O acordo que estabelece as condições para a atuação dos observadores foi firmado na quinta-feira (13), em Washington, nos Estados Unidos. A medida permite que representantes da organização acompanhem diferentes fases do processo eleitoral brasileiro.
Além disso, a missão terá como chefe José Miguel Insulza, ex-senador e ex-ministro das Relações Exteriores do Chile. Insulza também já comandou a própria OEA.
O que a missão da OEA vai acompanhar
Os observadores internacionais poderão acompanhar etapas que vão desde a preparação das eleições até a divulgação dos resultados.
Entre os procedimentos observados estão a preparação das urnas, a votação, a apuração, a totalização dos votos e os mecanismos de auditoria.

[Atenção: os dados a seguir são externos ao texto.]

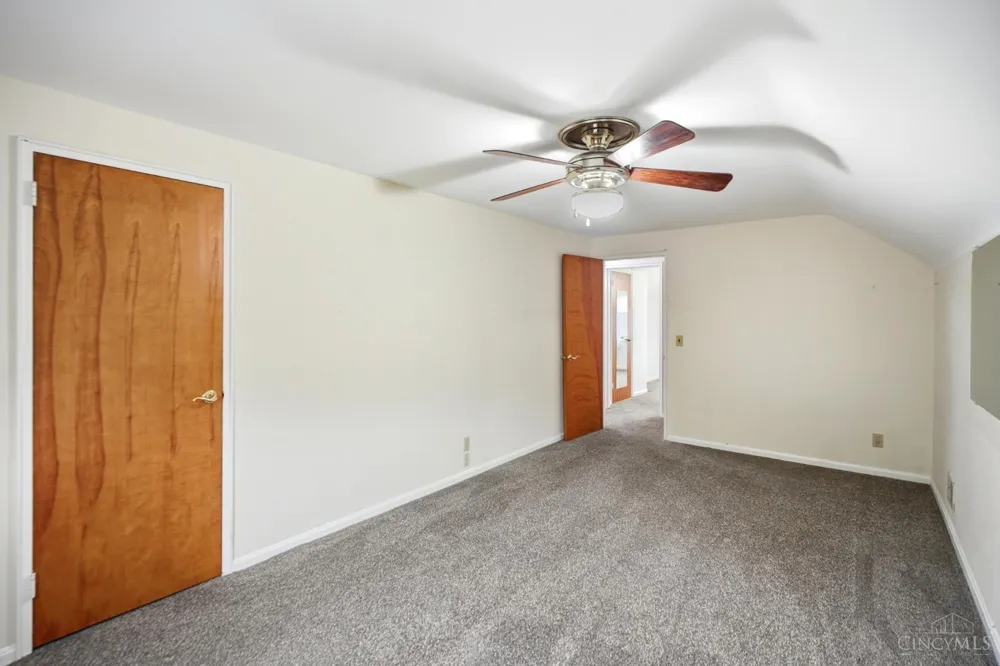 5557 Fairwood Road Green, OH 45239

No entanto, a missão não terá função de interferir na condução do processo eleitoral. O trabalho é realizado de maneira técnica e independente, com o objetivo de avaliar procedimentos e contribuir para o aperfeiçoamento das eleições.
Dessa forma, os observadores também poderão produzir avaliações e recomendações após o encerramento do pleito.

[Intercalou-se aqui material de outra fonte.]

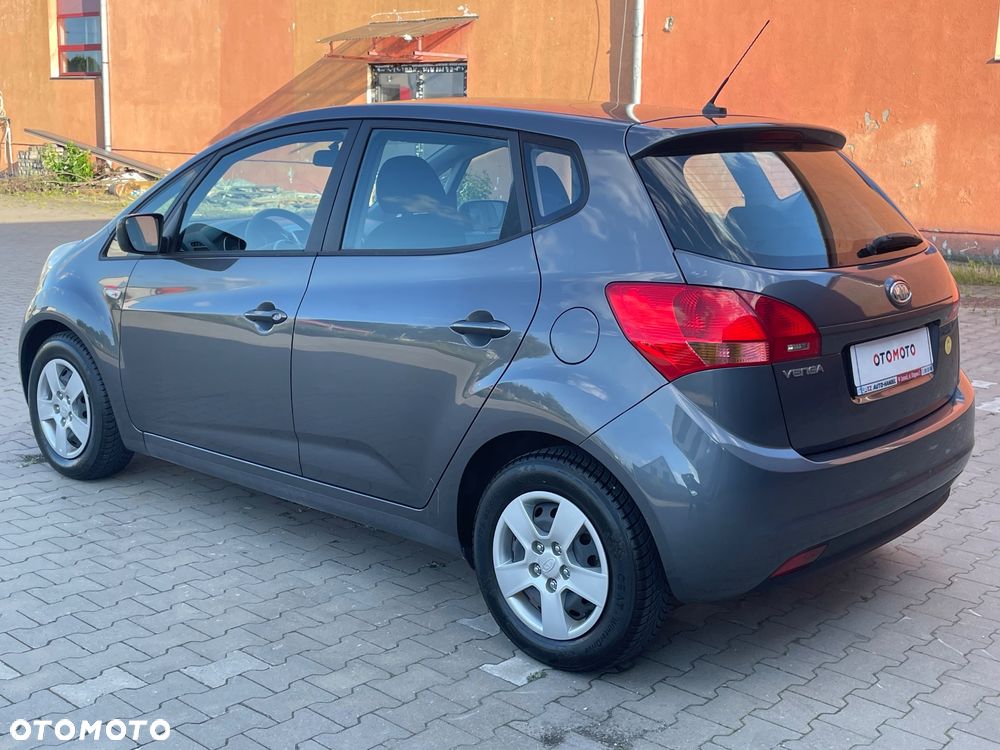 Kia Venga 1.4 CVVT Vision - 24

A participação da OEA nas eleições brasileiras não é inédita. A organização começou a enviar missões de observação ao país em 2018.
Agora, o pleito de 2026 marcará a quinta missão de observação eleitoral da OEA no Brasil. A entidade também esteve presente nas eleições presidenciais de 2022.

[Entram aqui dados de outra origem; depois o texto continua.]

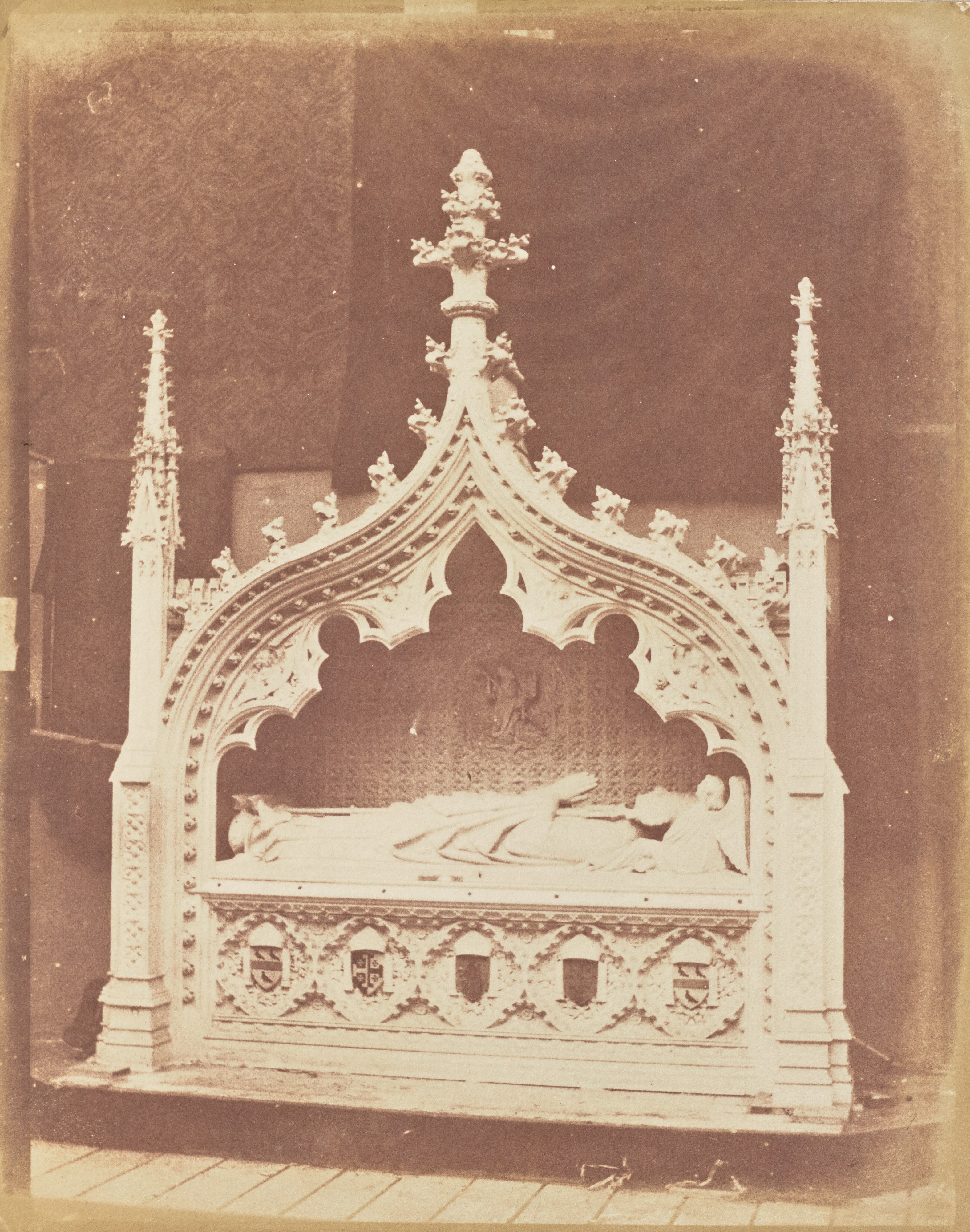 [Tomb]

Naquele pleito, a missão avaliou que o processo eleitoral ocorreu de maneira organizada e regular. Além disso, a atuação internacional faz parte de mecanismos de cooperação utilizados em diferentes países.
Outras organizações também terão observadores
A OEA não será a única instituição internacional a acompanhar as eleições brasileiras de 2026.
Também estão previstas missões da União Europeia, do Parlamento do Mercosul (Parlasul), da União Interamericana de Organismos Eleitorais (Uniore) e da Rede dos Órgãos Jurisdicionais de Administração Eleitoral da Comunidade dos Países de Língua Portuguesa (ROJAE-CPLP).
Nesse sentido, a presença de diferentes organizações amplia o acompanhamento externo do processo eleitoral.
Além disso, o trabalho desses grupos contribui para a troca de experiências entre autoridades eleitorais de diferentes países.
Quem comandará a missão da OEA
José Miguel Insulza foi escolhido para liderar a missão que acompanhará as eleições brasileiras. O chileno possui longa trajetória na política e na diplomacia. Entre suas funções, esteve o comando da Secretaria-Geral da OEA, cargo que ocupou entre 2005 e 2015. Assim, a escolha coloca à frente da missão um nome com experiência tanto em processos políticos quanto na atuação institucional da organização.
Eleições 2026 acontecem em outubro
O primeiro turno das eleições gerais de 2026 está marcado para 4 de outubro. Caso seja necessário um segundo turno, a votação ocorrerá em 25 de outubro.
Por fim, a atuação da OEA deverá acompanhar as principais etapas do processo eleitoral, oferecendo uma avaliação independente sobre os procedimentos adotados no país.